= Paymaster =

Profession involving paying salaries

A paymaster is someone appointed by a group of buyers, sellers, investors or lenders to receive, hold, and dispense funds, commissions, fees, salaries (remuneration) or other trade, loan, or sales proceeds within the private sector or public sector. Specific titles within the British government are Paymaster of the Forces, Paymaster General and Paymaster of Pensions.

==Purpose==
The primary purpose of a paymaster is to receive fees in escrow by buyers in a large transaction, and disburse to the sellers and brokers on the transaction.

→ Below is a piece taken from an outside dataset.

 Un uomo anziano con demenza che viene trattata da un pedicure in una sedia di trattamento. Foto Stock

A paymaster is usually, but not required to be, a lawyer (also known as a 'lawyer paymaster'). When dealing with commission payments on contracts dealing with large amounts of money (such as oil, gas, steel, iron, gold, MTNs, VGs, t-strips, and other instruments), most banks in the United States are very wary of handling such large amounts of money. In addition, most buyers and sellers of such transactions want to place the money with a neutral third party for disbursement. In most cases, the buyer and the seller involved in the transaction require a paymaster be named to handle all incoming and outgoing funds.

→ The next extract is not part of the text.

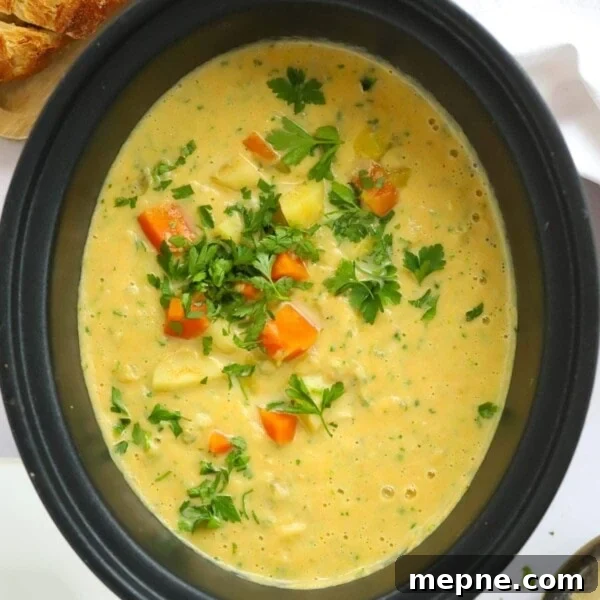Creamy Broccoli and Stilton Soup Recipe 8 Bit slow cooker pan full of creamy slow cooker vegetable soup.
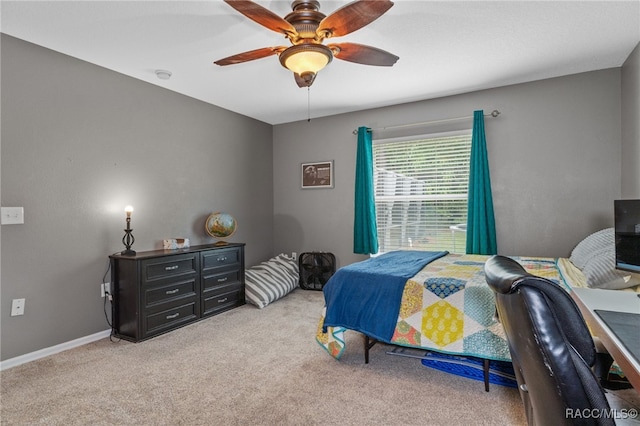 bedroom featuring ceiling fan and light colored carpet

A paymaster is a neutral third party and has no knowledge of any particulars of the transaction. They handle the incoming commissions, and then disburses the funds accordingly. In return for their services the paymaster charges a small fee, which is paid directly to them out of the commission proceeds prior to disbursement.

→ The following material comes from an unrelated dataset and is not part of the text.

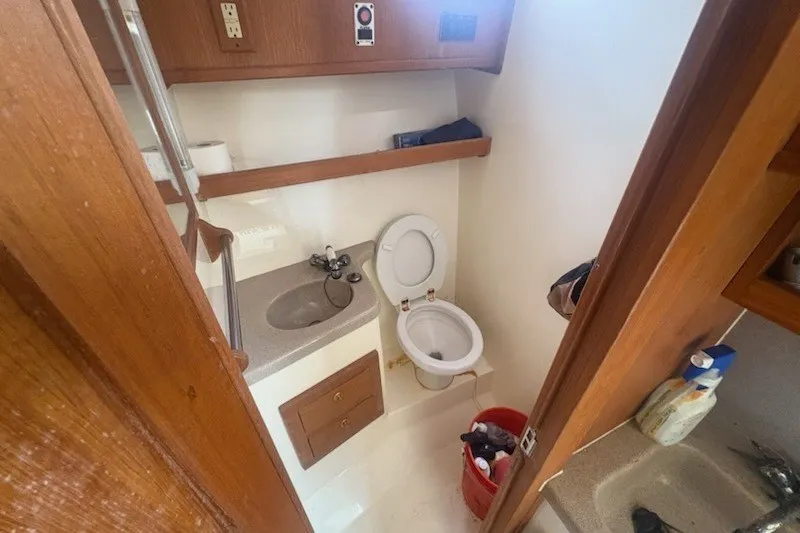 Slide: The Image of Bathroom interior of 2003 Albemarle 305 Express Fisherman boat, featuring sink and toilet. - 28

==Requirements for position==
In the United States, there is no licensing requirement to be a paymaster. However, a paymaster often is a licensed lawyer, due to the security and safety issue that lawyers in the United States are required to hold any funds that do not belong directly to them in an "Attorney's Trust Account" (also known as an IOLTA account), which is monitored by the state bar, in the state in which the lawyer practices.

==Military==
===United Kingdom===
In 1797, the British Army first appointed paymasters with an Army rank, initially that of captain; they had previously been civilian agents appointed by colonels. In 1878, the Royal Army Pay Corps was formed, existing until 1992, when it was amalgamated into the Adjutant General's Corps.

===United States===
In the American Civil War era, a paymaster was generally a commissioned person in the army who held the rank of captain or major, depending on cumulative time in service of the person and the period in which they served (the regulations changed over time). The navy was similar, with the equivalent rank as lieutenant, lieutenant commander or commander.